Repeat each entry below exactly, omitting any picture it holds.

Brief descriptive captions:
*-*-*

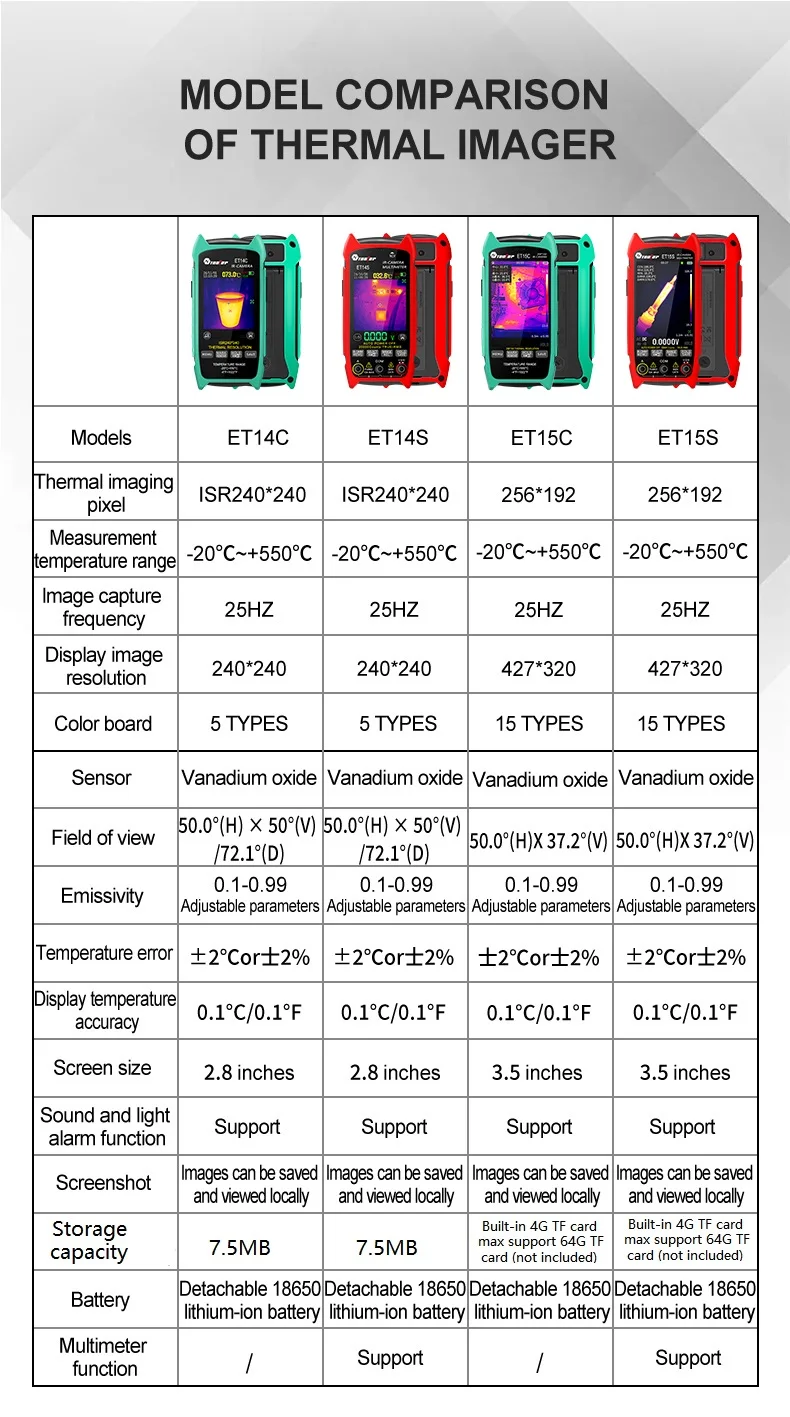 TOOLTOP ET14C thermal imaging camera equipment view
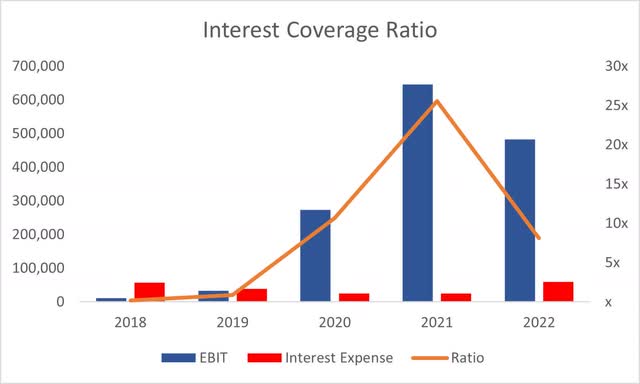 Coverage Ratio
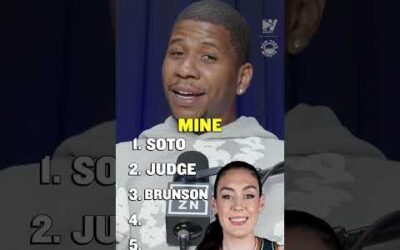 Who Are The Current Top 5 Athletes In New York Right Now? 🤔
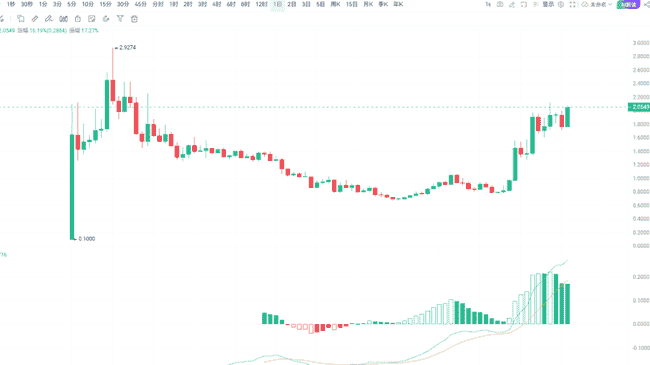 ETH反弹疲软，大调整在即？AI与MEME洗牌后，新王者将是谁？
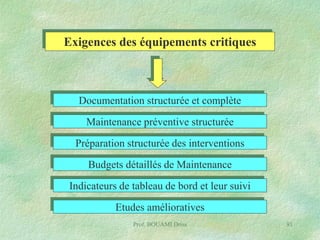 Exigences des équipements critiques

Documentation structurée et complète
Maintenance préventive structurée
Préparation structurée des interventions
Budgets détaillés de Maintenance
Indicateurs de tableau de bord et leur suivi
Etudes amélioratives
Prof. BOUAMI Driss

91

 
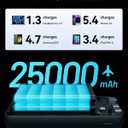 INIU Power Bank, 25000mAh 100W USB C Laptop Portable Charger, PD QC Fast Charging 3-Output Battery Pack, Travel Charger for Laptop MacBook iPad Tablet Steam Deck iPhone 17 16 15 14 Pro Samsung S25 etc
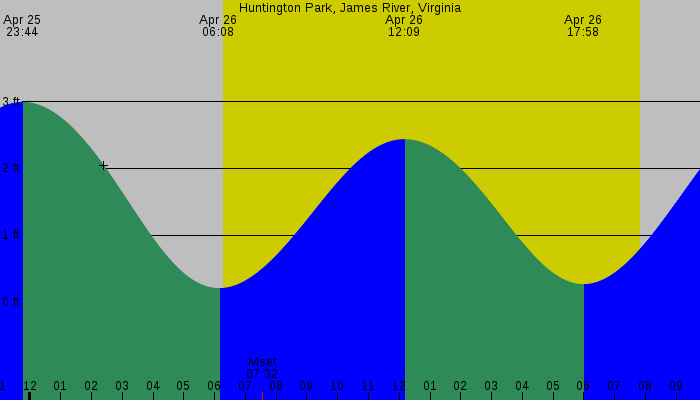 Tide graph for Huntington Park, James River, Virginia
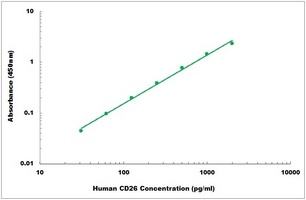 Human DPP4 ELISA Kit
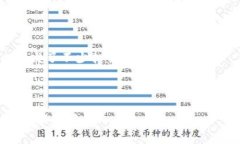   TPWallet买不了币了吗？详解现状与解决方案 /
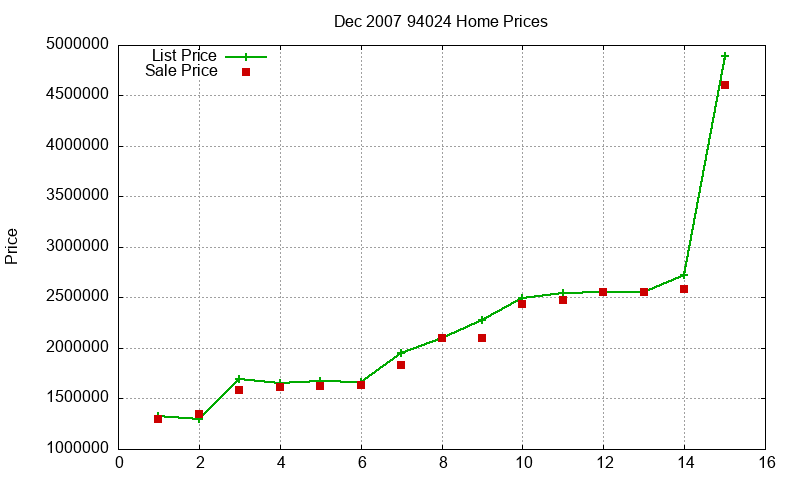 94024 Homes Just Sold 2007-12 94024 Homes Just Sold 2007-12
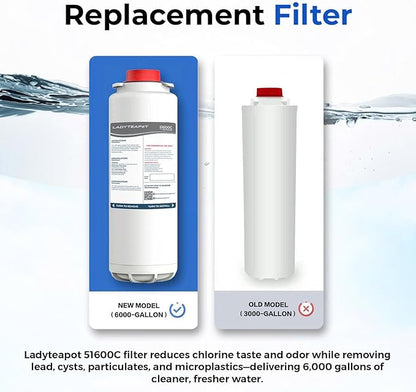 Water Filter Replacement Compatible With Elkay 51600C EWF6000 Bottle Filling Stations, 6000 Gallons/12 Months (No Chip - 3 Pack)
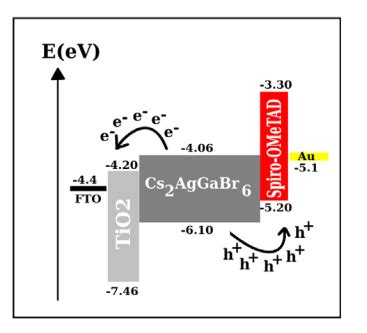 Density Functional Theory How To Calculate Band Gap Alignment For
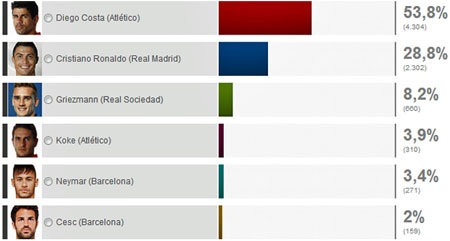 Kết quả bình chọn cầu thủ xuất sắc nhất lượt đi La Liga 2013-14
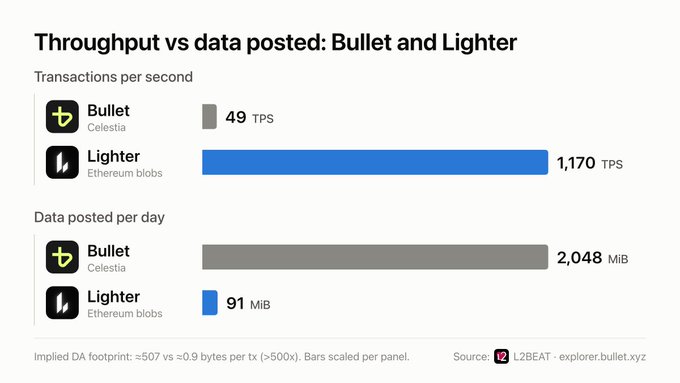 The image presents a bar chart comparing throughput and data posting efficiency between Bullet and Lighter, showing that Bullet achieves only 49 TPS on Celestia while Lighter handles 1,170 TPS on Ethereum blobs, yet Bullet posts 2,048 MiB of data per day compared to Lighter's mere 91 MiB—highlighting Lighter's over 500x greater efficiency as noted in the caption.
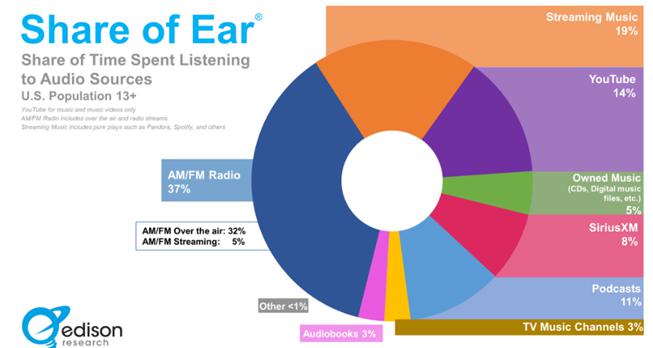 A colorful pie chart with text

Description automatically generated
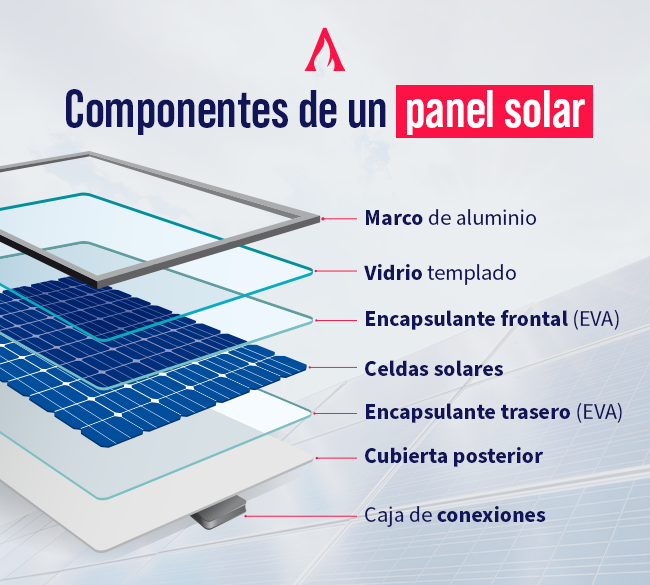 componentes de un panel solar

*-*-*

• **Solved problem**
 TOOLTOP ET14C thermal imaging camera equipment view
 Coverage Ratio
 Who Are The Current Top 5 Athletes In New York Right Now? 🤔
 ETH反弹疲软，大调整在即？AI与MEME洗牌后，新王者将是谁？
 Exigences des équipements critiques

Documentation structurée et complète
Maintenance préventive structurée
Préparation structurée des interventions
Budgets détaillés de Maintenance
Indicateurs de tableau de bord et leur suivi
Etudes amélioratives
Prof. BOUAMI Driss

91

 
 INIU Power Bank, 25000mAh 100W USB C Laptop Portable Charger, PD QC Fast Charging 3-Output Battery Pack, Travel Charger for Laptop MacBook iPad Tablet Steam Deck iPhone 17 16 15 14 Pro Samsung S25 etc
 Tide graph for Huntington Park, James River, Virginia
 Human DPP4 ELISA Kit
   TPWallet买不了币了吗？详解现状与解决方案 /
 94024 Homes Just Sold 2007-12 94024 Homes Just Sold 2007-12
 Water Filter Replacement Compatible With Elkay 51600C EWF6000 Bottle Filling Stations, 6000 Gallons/12 Months (No Chip - 3 Pack)
 Density Functional Theory How To Calculate Band Gap Alignment For
 Kết quả bình chọn cầu thủ xuất sắc nhất lượt đi La Liga 2013-14
 The image presents a bar chart comparing throughput and data posting efficiency between Bullet and Lighter, showing that Bullet achieves only 49 TPS on Celestia while Lighter handles 1,170 TPS on Ethereum blobs, yet Bullet posts 2,048 MiB of data per day compared to Lighter's mere 91 MiB—highlighting Lighter's over 500x greater efficiency as noted in the caption.
 A colorful pie chart with text

Description automatically generated
 componentes de un panel solar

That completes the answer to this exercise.